## [WHAT THE TASK ASKS]
The records below are to be transcribed exactly from their first line to the line that has "We'll do the", inclusive, with every picture omitted.

Records excerpted from a collection
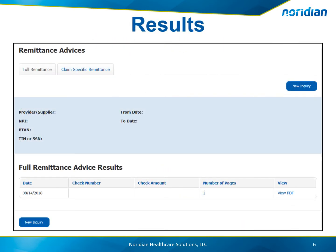The results page provides the date of the remittance advice, the check number, check amount, the number of pages, and the option to view the PDF. Remittance advices larger than 1,000 pages will not be viewable on the portal.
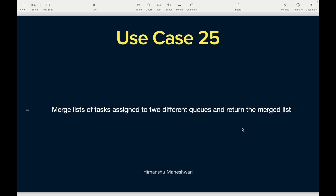Hi everyone, welcome back to another video of Salesforce Makes Sense. This is Himanshu and we are continuing understanding Apex through our Salesforce Developer Masterclass. This is use case 25 which says: merge a list of tasks assigned to two different queues and return the merged list.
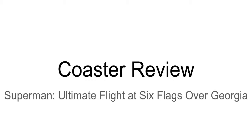What's going on everyone? Today I'm going to be reviewing Superman Ultimate Flight at Six Flags Over Georgia.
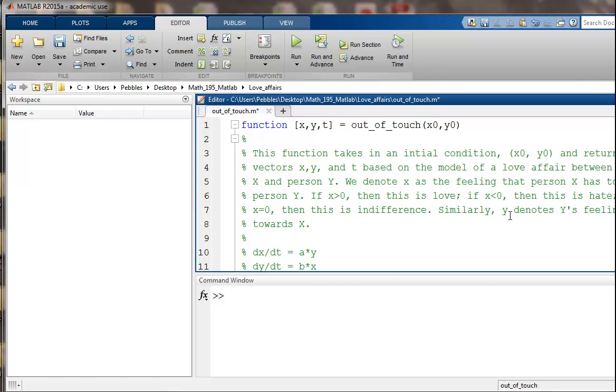We'll do the same thing for y. So little y will denote capital Y's feelings towards capital X. You could certainly make this more complicated and modify the model. People have had all sorts of fun coming up with many variations, but we're going to keep it simple.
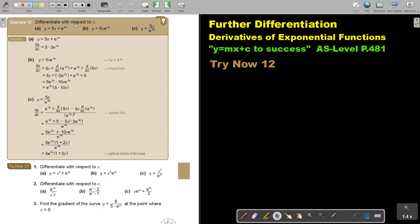Differentiate with respect to x. This one is easy because it's just sum and difference. So I differentiate the first one — it's 5. I differentiate the second one: multiply with the value in front of x, which is just negative 2, and I just rewrite e to the power of negative 2x.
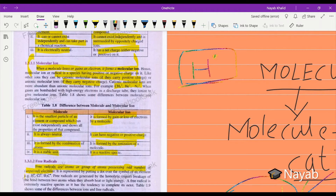The dot represents the unpaired electron. Free radicals are atoms or a group of atoms possessing an odd number of unpaired electrons — odd numbers meaning one, three, five, seven. Free radicals are represented by putting a dot over the symbol of an element, just like hydrogen (H·), chlorine (Cl·), and CH3·. These are examples of free radicals.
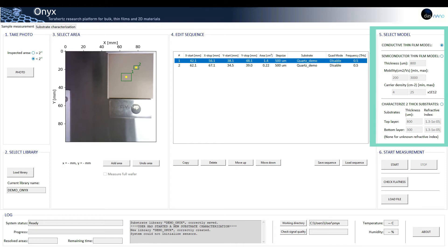Section five: select model. Once we have chosen the inspection parameters, the user must select the applied model, depending on the samples he or she wants to inspect. Three options are available.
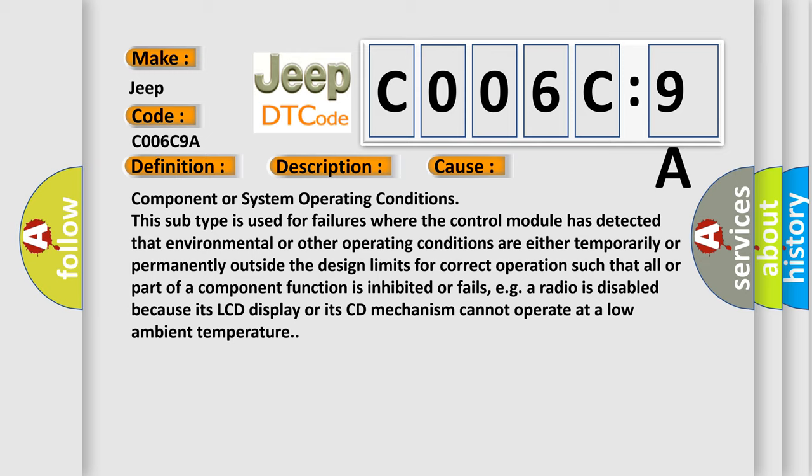Operating conditions are either temporarily or permanently outside the design limits for correct operation such that all or part of a component function is inhibited or fails. For example, a radio is disabled because its LCD display or its CD mechanism cannot operate at a low ambient temperature.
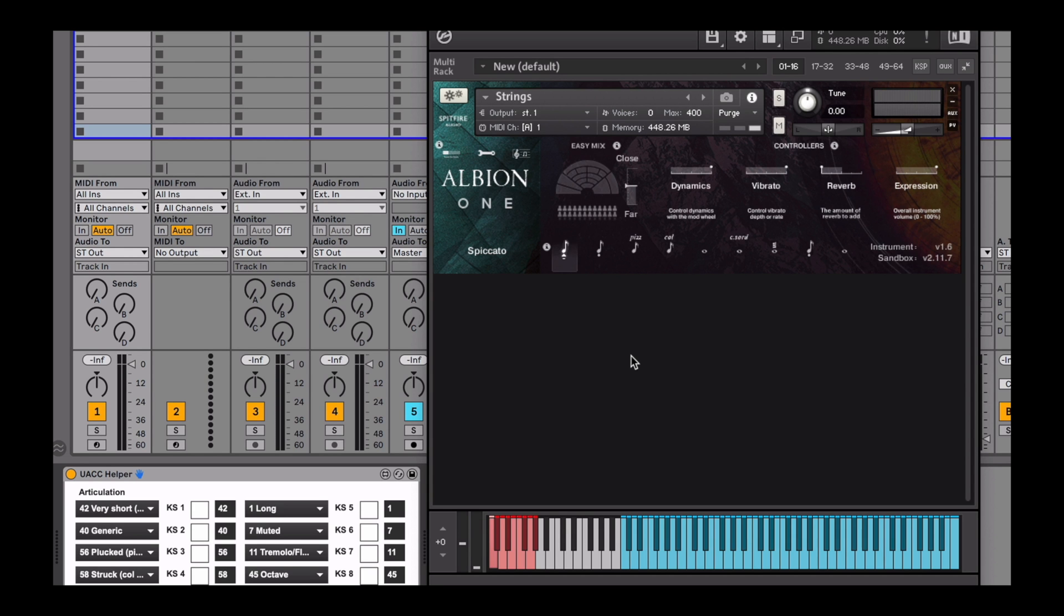In this tutorial, I'll be demonstrating UACC keyswitching with the help of Max4Live.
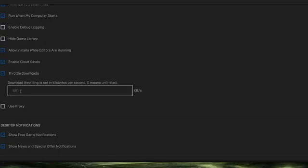So first of all you could try a hundred thousand, see how your download speed is affected, and then play around with this. If you set it on zero kilobytes per second, that means it's unlimited and that would be the max that you could provide.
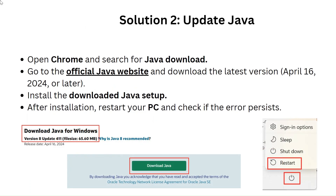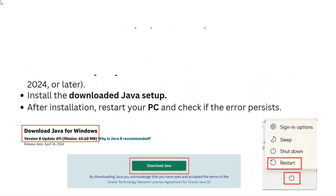Solution 2: Update Java. Open Chrome and search for Java Download. Go to the official Java website and download the latest version (April 16, 2024 or later). Install the downloaded Java setup, then restart your PC and check if the error is resolved.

## [EXERCISE RESPONSE]
The results page provides the date of the remittance advice, the check number, check amount, the number of pages, and the option to view the PDF. Remittance advices larger than 1,000 pages will not be viewable on the portal.
Hi everyone, welcome back to another video of Salesforce Makes Sense. This is Himanshu and we are continuing understanding Apex through our Salesforce Developer Masterclass. This is use case 25 which says: merge a list of tasks assigned to two different queues and return the merged list.
What's going on everyone? Today I'm going to be reviewing Superman Ultimate Flight at Six Flags Over Georgia.
We'll do the same thing for y. So little y will denote capital Y's feelings towards capital X. You could certainly make this more complicated and modify the model. People have had all sorts of fun coming up with many variations, but we're going to keep it simple.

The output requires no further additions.